Cet éclairage de la question macédonienne rédigé par O. Buirette vient donc doublement à propos pour rappeler l’épaisseur historique d’un territoire candidat officiel à l’UE. Cette même mise en perspective des autres pays candidats officiels, potentiels ou officieux serait nécessaire.
LA MACEDOINE, sous domination Ottomane depuis le XIVe siècle, a toujours été un enjeu régional dans les Balkans [1] et ce depuis que le glacis de l’Empire Ottoman a fondu à la fin XIXe siècle. Ce petit pays de 25 713 km2 sans débouchés maritimes est bordé au sud par la Grèce, à l’Est par l’Albanie, au Nord par la Serbie-Monténégro et à l’Est par la Bulgarie.
En fait jusqu’à aujourd’hui ce qui pose problème est essentiellement l’utilisation par cette République du nom de « Macédoine » car du côté grec on considère qu’une seule et unique Macédoine existe, à savoir la province située au nord de la Grèce et c’est tout. Si on se penche sur l’histoire de cette région le problème est qu’il existe en fait plusieurs Macédoines et qu’après la chute de l’éphémère et gigantesque Empire alexandrin au IVe siècle avant notre ère, Rome réorganisa la région en une grande province de Macédoine comportant au nord une partie de l’ex-République yougoslave de Macédoine (« Former Yugoslav Republic Of Macedonia, Fyrom ») et à l’Ouest l’Albanie, ceci se poursuivant avec le découpage régional de l’Empire romain d’Orient à savoir Byzance.
On le voit, la réalité territoriale de la Macédoine est donc antiquement complexe et dépasse largement le territoire de Philippe II et de ses successeurs. D’autant plus que le début du XXe siècle n’est pas en reste puisque la région se retrouve au cœur des guerres balkaniques de 1912 et 1913.
On peut dire qu’il y a en fait quatre Macédoines différentes. La première est celle revendiquée avec véhémence par les Grecs à savoir la Macédoine antique, mais comme nous l’avons vu celle-ci voit son territoire agrandi en tant que province dès l’Empire Romain et au moins jusque Byzance ce qui nous mène au XVe siècle de notre ère. La deuxième est celle que les Bulgares revendiquent, à savoir la région située autour de la ville et du lac d’Ohrid qui est considérée par eux comme ni plus ni moins le « berceau de leur culture ». La troisième Macédoine est celle revendiquée par la Serbie et qui est notamment un des enjeux des deux guerres balkaniques. Enfin, la quatrième apparait récemment dans les problèmes liés à la minorité albanaise de Macédoine qui régulièrement s’agite et pèse sur la vie politique de la jeune République.
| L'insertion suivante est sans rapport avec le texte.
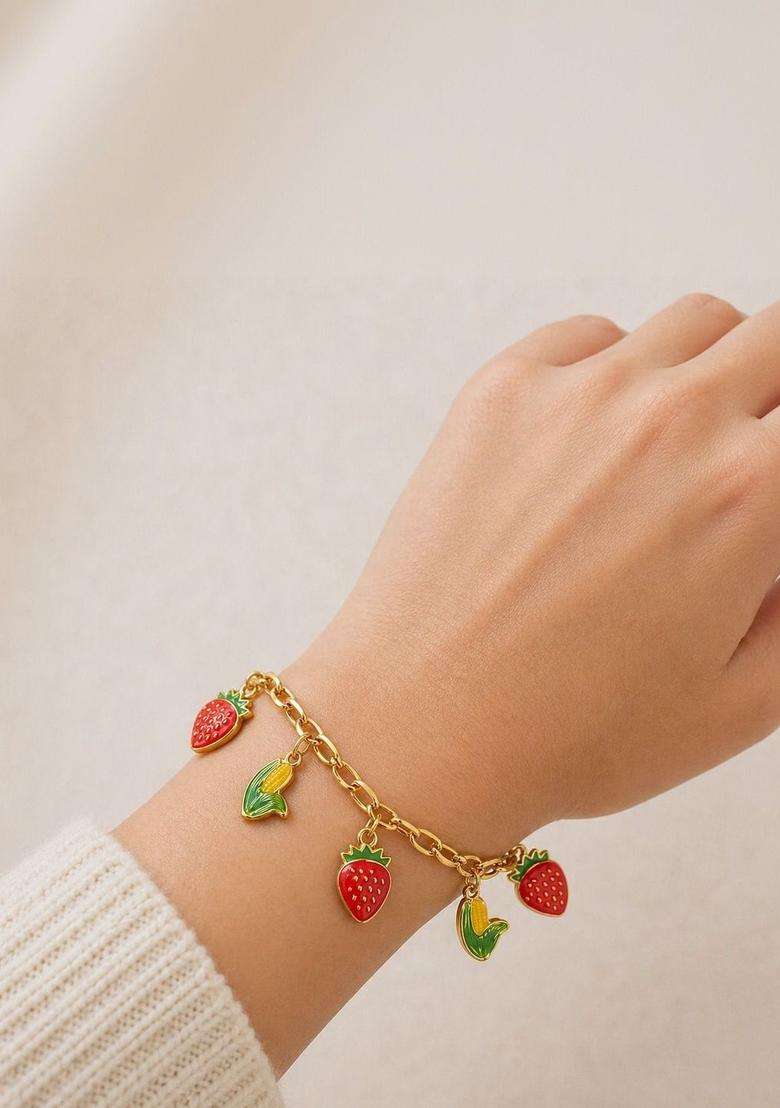 American Diamond Temple Gold-Plated Charm Bracelet for Women | Stylish Party & Everyday Wear | Gift for Her - Indya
Nous sommes donc en présence d’une situation complexe et qui au nom de ces quatre identités évoquées ici s’enflamme régulièrement pour telle ou telle autre raison, au nom d’une des identités décrite ici voire ce qui est encore plus inquiétant parfois, au nom des quatre revendications évoquées.
Il faut savoir en premier lieu que nous sommes avant tout dans une région qui lors de la recomposition des États régionaux après le reflux de la présence ottomane dans les Balkans au XIXe siècle s’est vu léser d’une partie de son territoire et que la Macédoine en tant que telle n’a réellement pu exister qu’à compter de la création du royaume de Yougoslavie pendant l’entre deux guerres puis de la fédération yougoslave communiste durant la Guerre froide (1947-1989-1990).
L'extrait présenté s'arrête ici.